# MMA Gear - MMA Gloves



## sharontaylor211 (Jan 18, 2011)

I have been looking for MMA Gloves for my tournament in next month.

please suggest suitable gear for me.


----------



## Doublejab (Jan 10, 2011)

Do you need fight gloves (4oz) or sparring gloves (6-8oz)?


----------



## marc (Jul 16, 2007)

You could go with the Viper MMA Gloves they are quite popular


----------



## christomo (Nov 20, 2007)

6oz sparring or competition 4oz? ive got a pair of evolution 4oz, there good but its a matter of opinion

eg, open thumb? closed thumb?


----------



## ROTWELLIER (Apr 17, 2010)

im a fan of the blitz pro star never failed me solid leaver aswell lol Pro Star MMA Gloves


----------



## AlanS (Mar 18, 2009)

If it's 4oz the Blitz Firepower ones are pretty awesome IMO


----------



## radicalfightshop (Aug 1, 2010)

Hayabusa not been mentioned yet really? Also PunchTown are some of the nicest ive seen.


----------



## Whitey161 (May 25, 2010)

Ive got the Punchtown Karpel ones and i like em. Also got some rogue sparring ones which are pretty good.


----------



## MMA-Fightwear.co.uk (Jan 18, 2011)

In my humble opinion the new Karpal ex are better than the Hayabusa ones.

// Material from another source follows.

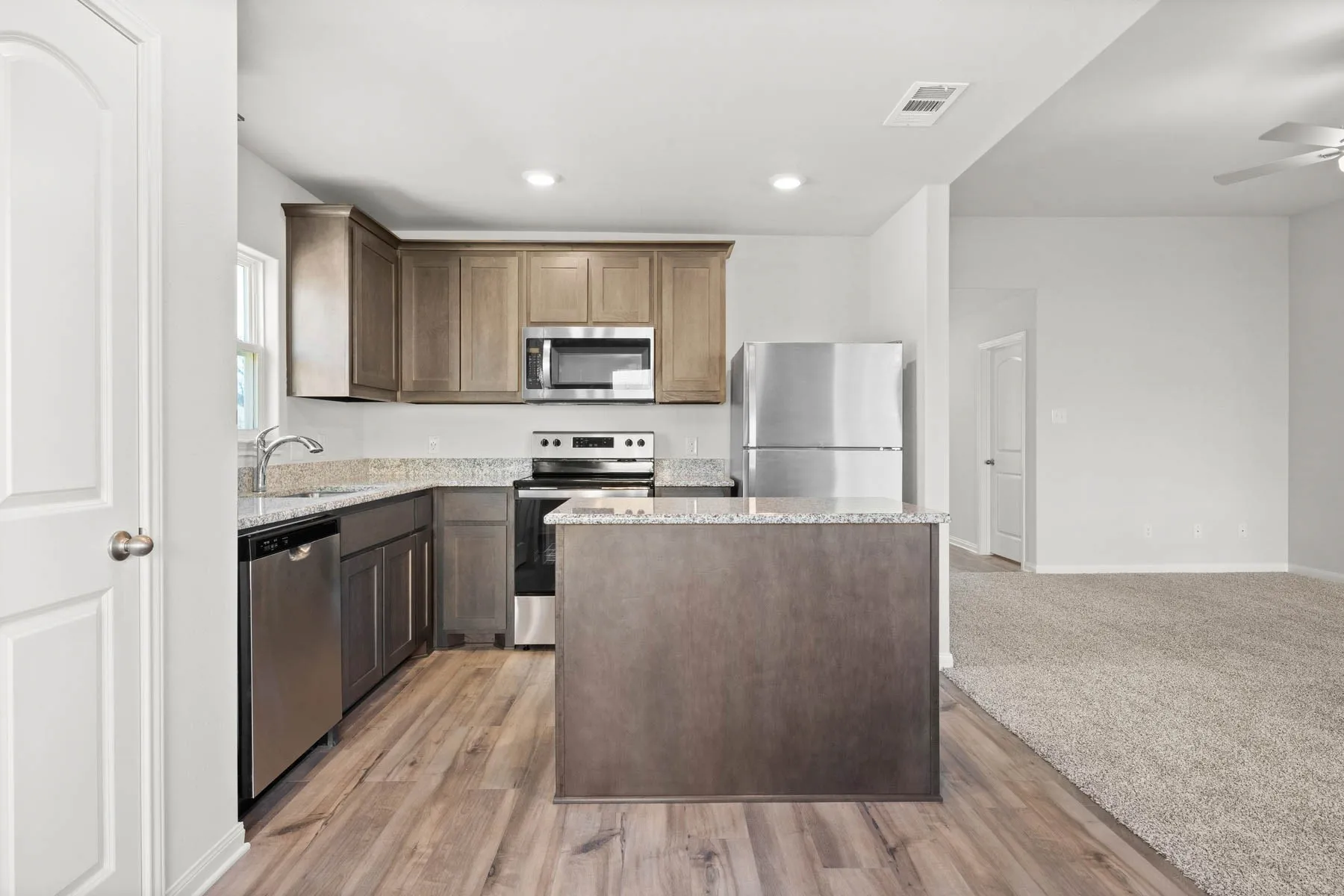 Kitchen with a center island, sink, light hardwood / wood-style flooring, ceiling fan, and appliances with stainless steel finishes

But then again it depends on budget etc.


----------



## marc (Jul 16, 2007)

The new punchtown Gloves are Damn nice gloves


----------



## Chris Griffiths (May 12, 2010)

Rival MMA Gloves and MMA Sparring gloves are amazeing!! - Rival MMA Gloves | MMA Gear | MMA Equipment | MMA Clothing | Rival Boxing Equipmet


----------



## Smithy (Mar 24, 2011)

ROTWELLIER said:


> im a fan of the blitz pro star never failed me solid leaver aswell lol Pro Star MMA Gloves


got me a pair of the camo ones comfy good fit, good gloves cheap price!


----------



## MMA Bulls (Mar 26, 2011)

sharontaylor211 said:


> I have been looking for MMA Gloves for my tournament in next month.
> 
> please suggest suitable gear for me.


If you are based from UK then you will get gloves with FREE SHIPPING.

How much gloves you want?

And may i know the date of tournament?


----------



## radicalfightshop (Aug 1, 2010)

hmm spam? great english there.


----------



## SanshouMatt (Jul 1, 2008)

Punchtown +1


----------



## radicalfightshop (Aug 1, 2010)

From personal experience with the Punch Town guys its not just the gloves you buy into its the after sales support as well. They area always happy to help with any questions or support.

Other brands you just dont get that backing, so while PT are a little more than others, its worth it in the long run.


----------



## SteSteez (Jul 21, 2007)

Never knew Bill & Ted were into MMA, Radical


----------



## McLovin (Jul 24, 2009)

hayabusa for me :thumb


----------